If user ui and uj are friends, \(a^{*}_{i,j}\) is:

$$ a^{*}_{i, j}=\upbeta \cdot \frac{\left|\mathcal{F}_{i} \cap \mathcal{F}_{j}\right|}{\left|\mathcal{F}_{i} \cup \mathcal{F}_{j}\right|}+(1-\upbeta) \cdot \frac{\left|\mathcal{R}_{i} \cap \mathcal{R}_{j}\right|}{\left|\mathcal{R}_{i} \cup \mathcal{R}_{j}\right|} $$
(7)

where β > 0 is a tunable hyper-parameter with a range of [0,1] that is used to balance the relative weight of friend circle similarity and user visiting similarity. We denote the output of GCNsocial \(\mathbf {U}=[\mathbf {u}_{1},\cdots ,\mathbf {u}_{m}]^{\top } \in \mathbb {R}^{m \times L}\) as social representation for all m users. L is the dimension of the representation. Note that there is no social relationship for the Foursquare data where we only incorporate the check-in information.

3.3 User preference learning with multi-head attention

We now have obtained user representation and POI representation. Since our goal is to efficiently and comprehensively learn user preference over different POIs, it is requisite to measure the relevance between users and POIs while capturing the joint effect on user-POI interactions. Recently, attention mechanism has been widely used for recommender systems [3, 34, 37, 49]. For example, SAE-NAD [34] exploited the self-attentive autoencoders to learn complex user preference for POIs. However, the standard attention mechanism usually assigns a single importance value to a POI, which makes the model focus on only one (latent) aspect of POIs. This is not sufficient to reflect the sophisticated human sentiment on POIs [30]. Particularly, some important (latent) aspects of POIs that might directly or indirectly influence user preference are missed.

The above-mentioned evidence inspires us to learn various aspects of user preference, which, through assigning multiple scores to each POI that user has visited, allow us to model the dependencies and importance of long-short term POI interactions. Towards this goal, we adopt multi-head self-attention [44] to effectively capture high-order interactions between POIs and retrieve the multi-aspect preference of users over POIs.

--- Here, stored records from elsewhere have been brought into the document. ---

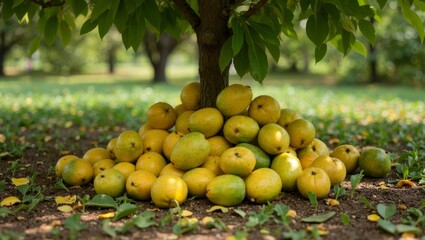 Mango tree with ripe yellowish green mangoes in sunlit orchard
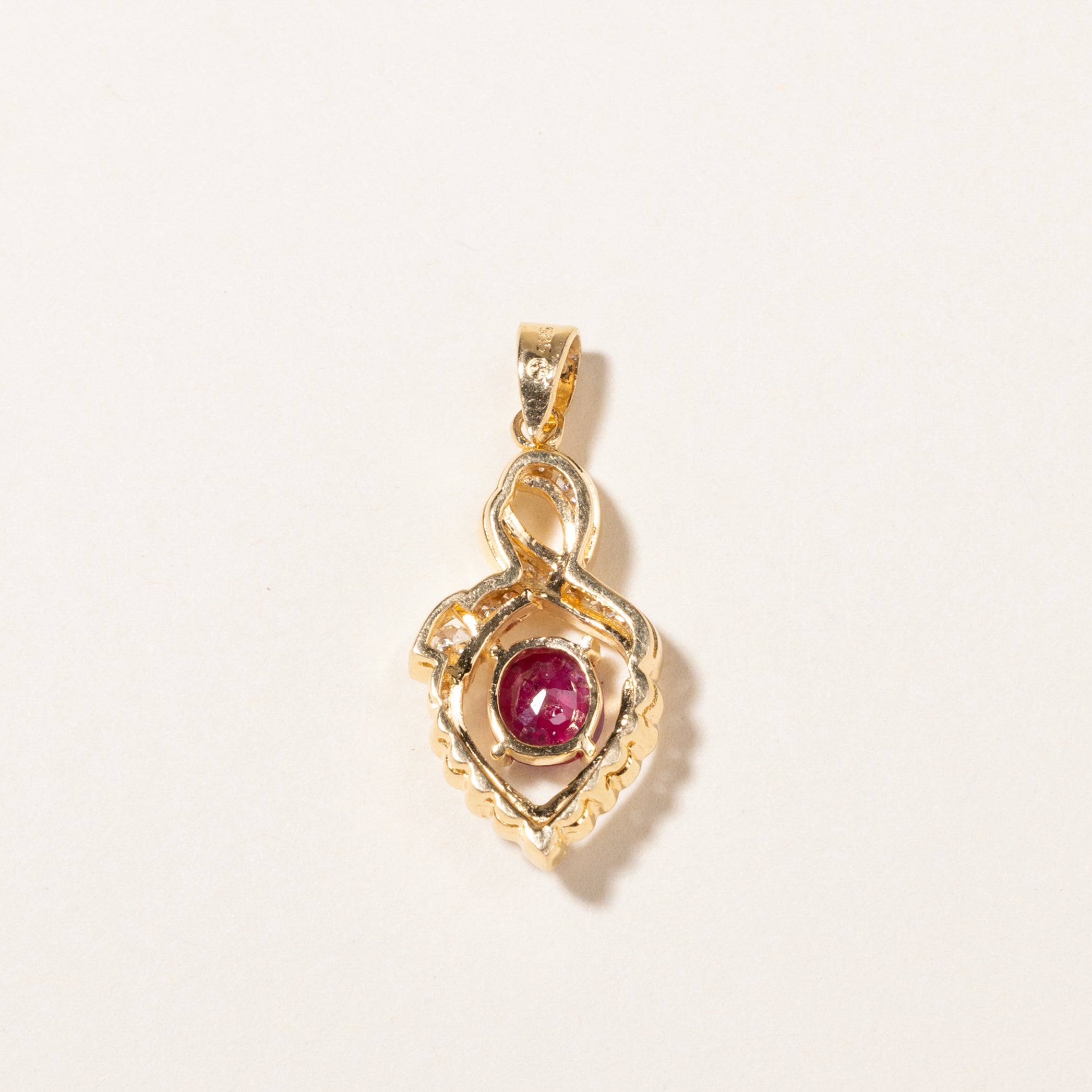 14K Oval Cut Ruby & Diamond Ornate Pendant | 0.65ct, 0.17ctw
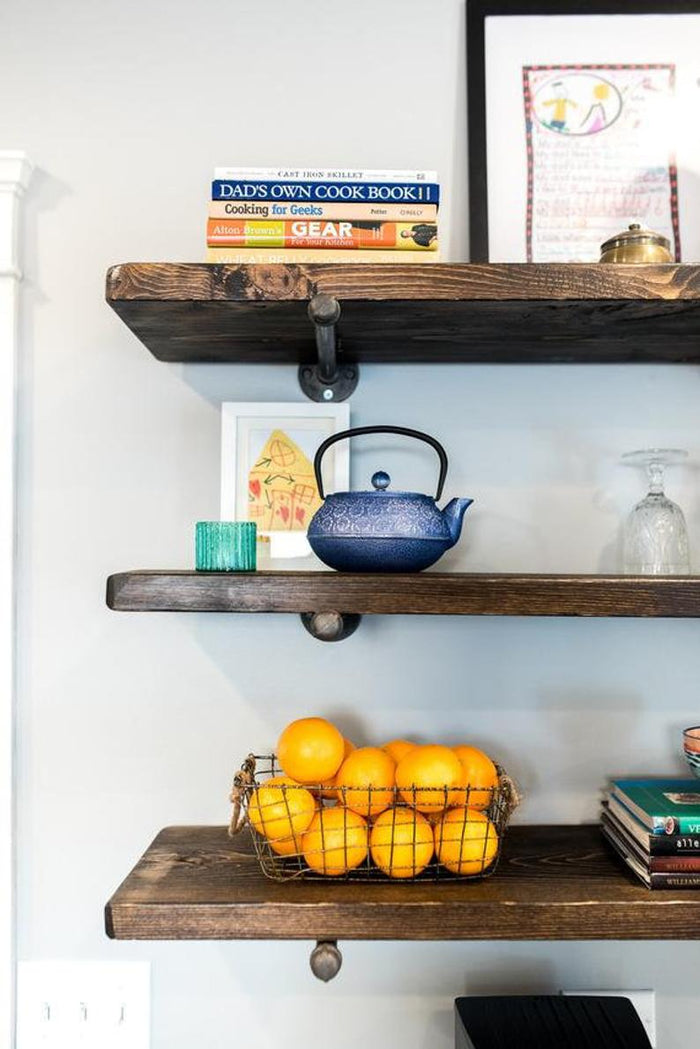 Wood Shelves with Pipe Mount  (Set of one or two) - Pipe And Wood Designs 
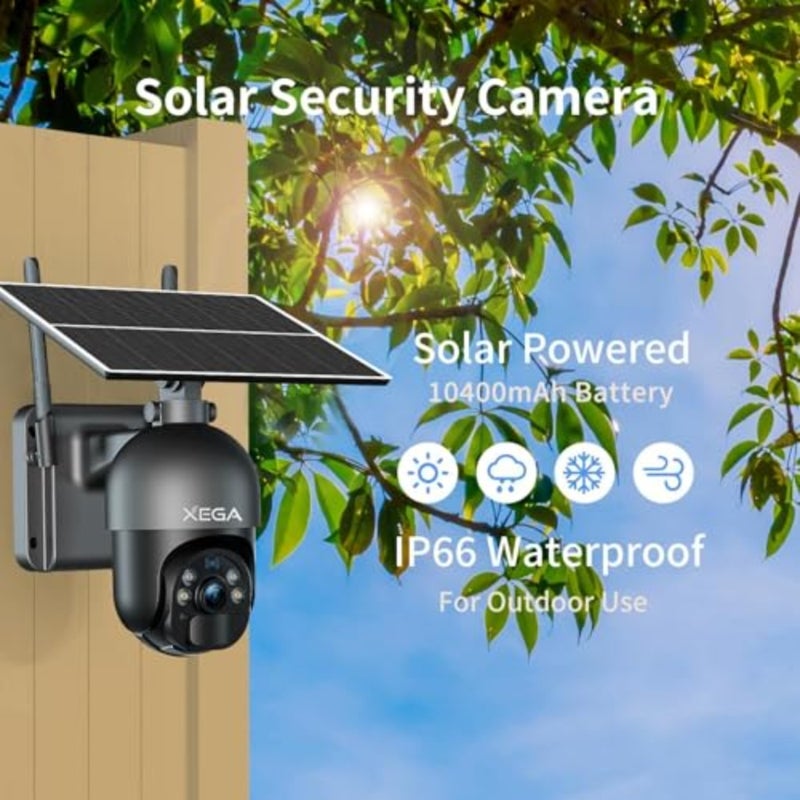 2K Super HD Solar Powered Wireless Outdoor 4G Security Camera, 1 unit, for remote outdoor surveillance, weatherproof ABS+PC housing, real-time motion detection night vision, black, includes SIM card PIR sensor - Image 5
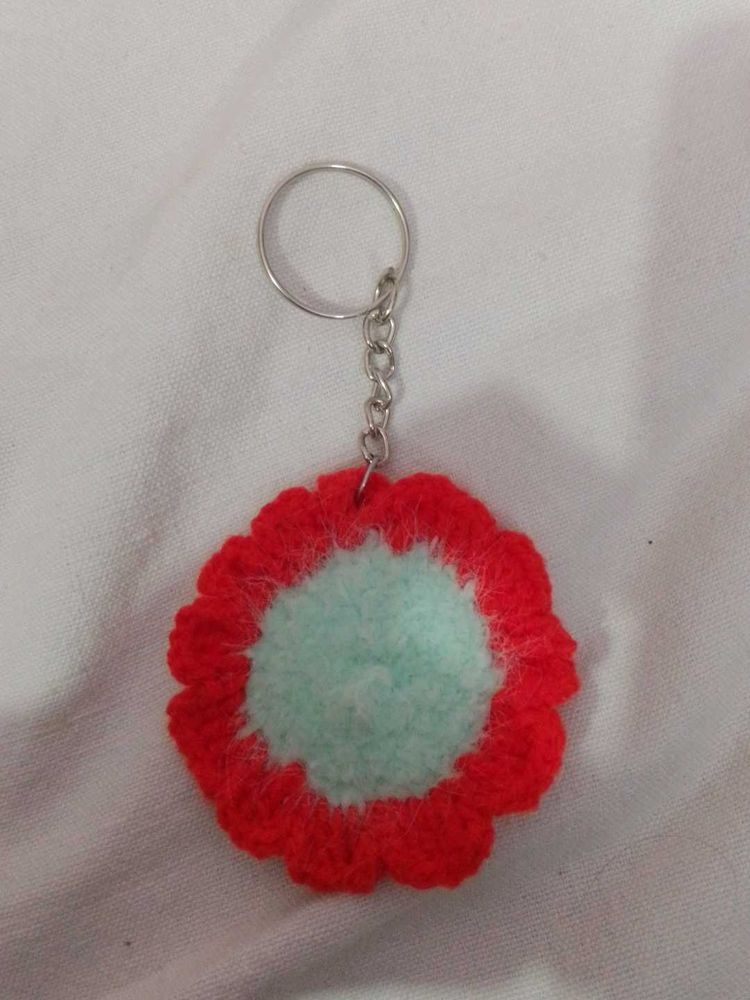 Red Flower Keychain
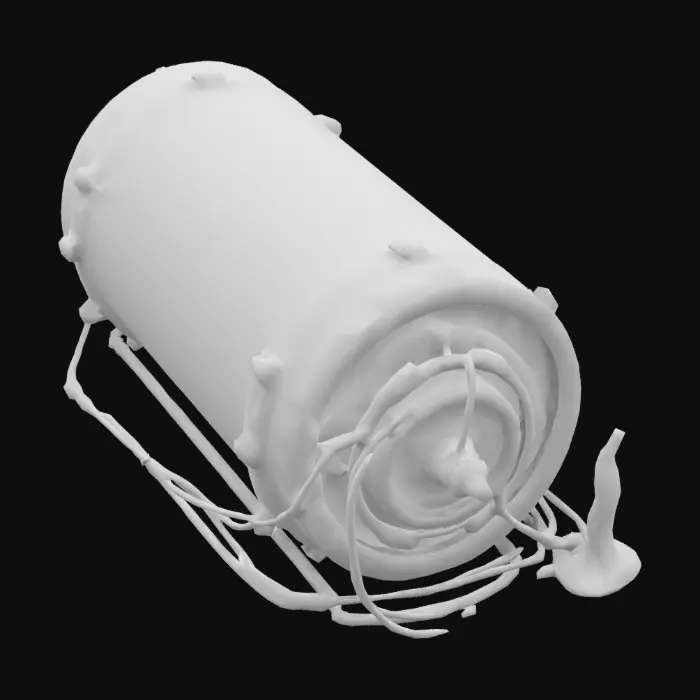 3D model for A discarded energy cell, with leaking fluid and disconnected wires. Sci-Fi, Industrial, Post-Apocalyptic.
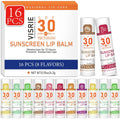 SPF 30 Lip Sunscreen, SPF Lip Balm Travel Size 16 Pack, Hydrating Lip Balm Bulk with Vitamin E and Coconut Oil- 8 Flavors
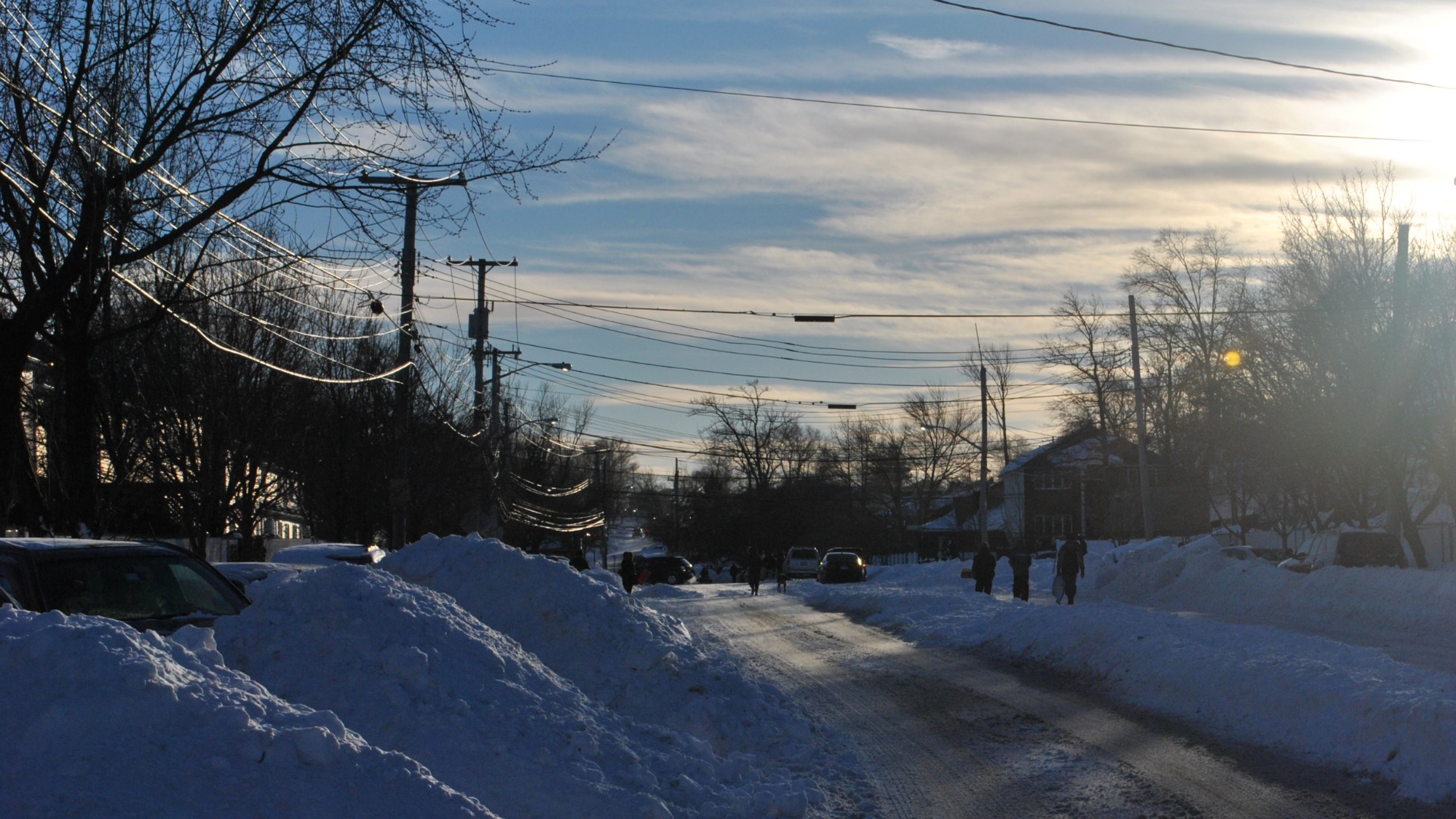 A snowy road in New York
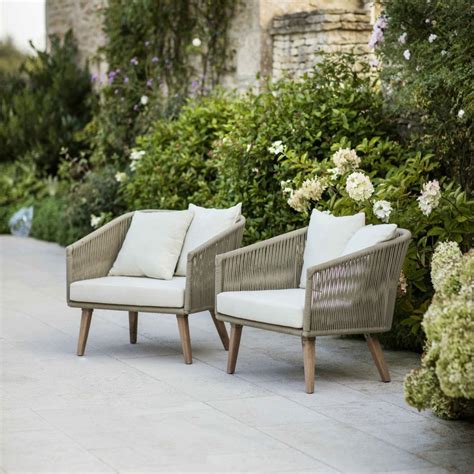 Armchair patio dining chairs : Garden Trading Pair Colwell Armchairs | Polyrope | Black ...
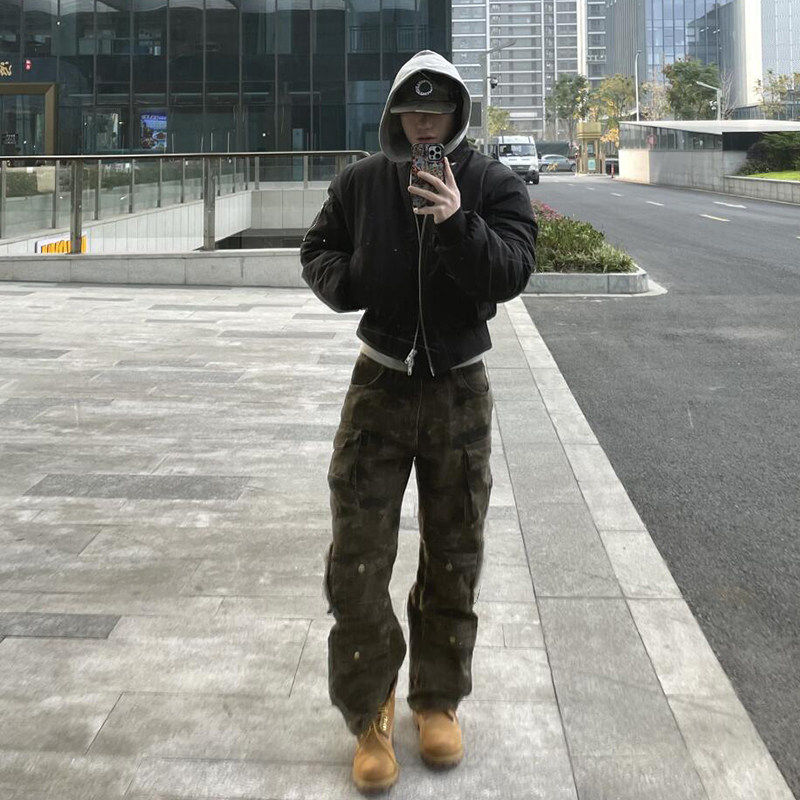迷彩工装裤男秋冬款美式多口袋搭配马丁靴裤子直筒迷彩裤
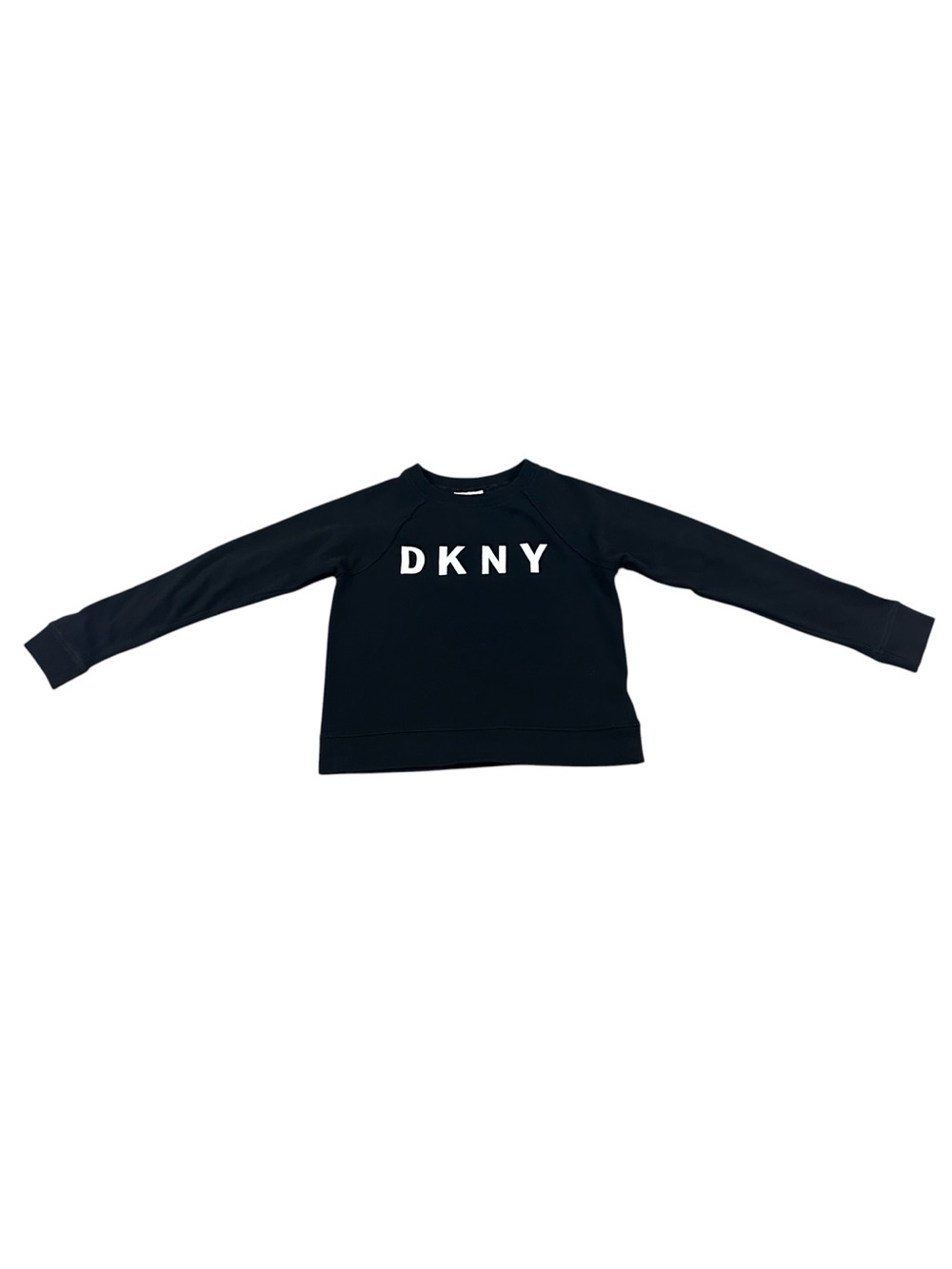 DKNY Sport Women’s Black Logo Sweatshirt Lace Up Sleeve Crop Pullover Athleisure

Technically, we first obtain a POI embedding matrix denoted by W(1)\(\mathbb {R}^{L \times n}\). It is also the weight matrix of the embedding layer. Then, we utilize the multi-head attention mechanism with h attention heads to learn the preference over visited POIs for each user. The h attention matrices are:

$$ \mathbf{T}= \left[\mathbf{t}_{1},\cdots,\mathbf{t}_{h}\right]^{\top} $$
(8)

where \(\mathbf {T} \in \mathbb {R}^{R \times L}\) and \(\mathbf {t}_{1} \in \mathbb {R}^{[R/h] \times L}\) represents the 1st attention head that learns user preference on POIs on some dimensions, i.e., traffic, food and scenery. \(\mathbf {t}_{2} \in \mathbb {R}^{[R/h] \times L}\) learns preference on different dimensions, and so on. R is the latent dimension of preferences.

ci = [c1,⋯ ,cn] is a binary vector representing the set of check-in POIs for user ui, where cj(1 ≤ jn) is 1 if user ui has visited POI pj and 0 otherwise. We utilize ci and W(1) to get check-in POI representation of user ui.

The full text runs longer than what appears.